Christmas with Her Bodyguard
Page 16
A woman he could easily fall for.
The thought was like a lasso around his chest. Tight. Constricting. That could never happen. Because even if Rae wasn’t the woman he’d believed her to be, he was still the man he knew himself to be.
Lost. Anchorless. Valueless.
He had nothing to offer a woman like Rae. He was damaged, and not just physically. He’d lost his body and he’d lost his career, but more than that he’d lost his reputation. His only worth now was in the work he could do in places like this. Here he felt so much more. Here he felt whole.
He didn’t belong back in regular civilian life—coming out here had proved that much to him. There was no place for him back there. There was no place for him in Rae’s world.
It should have made him want to back away from her all the more. Instead, it made him want to grab hold of the woman he had, enjoy her for the here and now. She’d be gone, moving on from his life, soon enough. The thought terrified him.
Gripping her wrists, he pushed her away from him.
‘Confession over,’ he bit out as coldly, as icily, as he could. ‘We’re expected back in camp and you’re due on shift in a couple of hours. You don’t want to let them down, and start living up to your old reputation, do you?’
And as she flinched he told himself the shattering in his chest was triumph.
CHAPTER THIRTEEN
‘YOU’RE GOING TO need to sterilise her if you perform a Caesarean section on her,’ Janine, the senior consultant, murmured. ‘If it’s her third C-section, her uterus will be severely weakened.’
‘I know, but I don’t see another option for her,’ Rae concluded dully, glancing across the room at the patient in question. As if things couldn’t get any worse, the girl was on oxygen, still not even stable, and although they’d succeeded in bringing her blood pressure down significantly, it was still elevated. ‘Not if we’re to save her baby.’

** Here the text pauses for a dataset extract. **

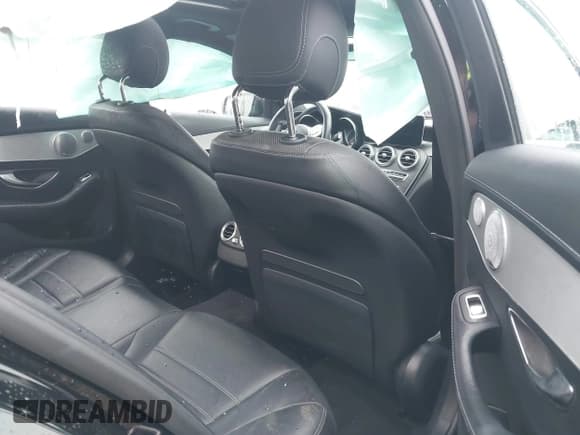 ✅ 2019 Mercedes-Benz C 43 AMG • VIN: 55SWF6EB9KU291767 • Lot: 41584111. Wystawiony na IAAI z przebiegiem 77 740 mil. Bezpłatny archiwum sprzedaży aukcyjnych z USA i szczegółowy raport historii pojazdu na DreamBid. Zdjęcie 8.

There were times when Rae could feel her limitations pressing in on her, constricting and cruel, but the truth of it, Rae realised with something close to contentment, was that there was absolutely nowhere else she would rather be. She might not have known it three and a half weeks ago when she’d first driven into the camp, but this was where she was meant to be in her life. In places like this, helping women who might otherwise have had nothing.
Perhaps not for ever, but certainly for the foreseeable future. As much as she’d loved her job in her New York practice, it simply didn’t compare to how proud, how fulfilled, and, yes, how permanently exhausted she felt out here.
It almost made up for the way things had taken a sour turn with Myles. She’d thought that Myles opening up to her would be a turning point, bringing them closer together, maybe even allowing them to take their physical relationship to another level. One where they could possibly consider actually calling it something of a relationship.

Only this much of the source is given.